I'm not a 23 yr vet (Thank you and God Bless you, b.t.w.), but I know a _little_ about some things.

I know that it's difficult to reach deep down past our desires to be big badd-azz Rambo-types and come up with the stark raw reality of looking at another human over sights. It's not something any thinking ethical person _*wants*_ to do, even to an enemy, much less a probably innocent American in a similar dyer situation.

What I must say surprises me a little is the majority tendency to decide on an action based on whether or not one has sufficient force to *win* a deadly encounter.
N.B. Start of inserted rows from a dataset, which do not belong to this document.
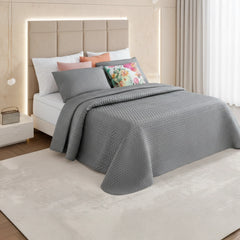 Colcha Acolchoada Toque de Linho Premium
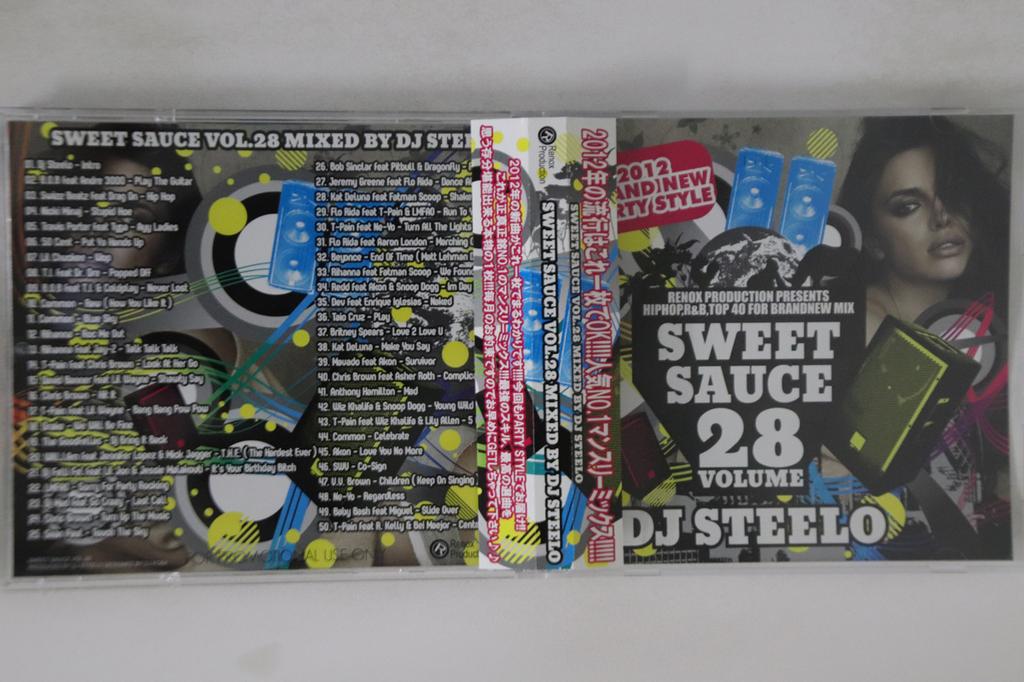 Mix CD DJ STEELO - Sweet Sauce Vol.28 (Mix Cd) NONE RENOX PRODUCTIO Japan Obi Rap & Hip-Hop/R&B Used
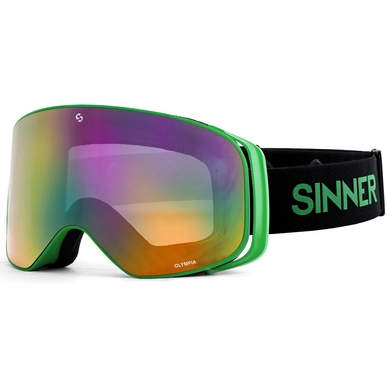 Skibril Sinner Olympia Matte Green Double Full Green Mirror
Even with superior and overwhelming force, until I had some kind of information regarding their disposition, I would avoid confrontation. They could just as easily be nothing more than a scout group for a much larger horde. I know if *MY* recon group came up missing, I would probably assume the worst, and go hunting.

All the best.


----------



## cnsper (Sep 20, 2012)

Rabid Coyotes are usually the only thing shot on site. Immediately taking out the driver is only going to escalate things quickly. If you get a reputation of shooting first then you will be hunted like a rabid coyote when all your neighbors ban together to take out the danger. The people that tamed the old west were Ranchers, Farmers and Shop Keepers. It was not the military as some like to think.

Now if they start to fire on you while they are still moving, forget the driver for a moment and take out one of the front tires. You did say it was a big ole 4x4 after all. Take the one closest to the ditch and hope it pulls them in and causes it to roll.

You do not just indiscriminately start shooting folks because you think they may be dangerous but pointing guns in their general direction is not out of reason either.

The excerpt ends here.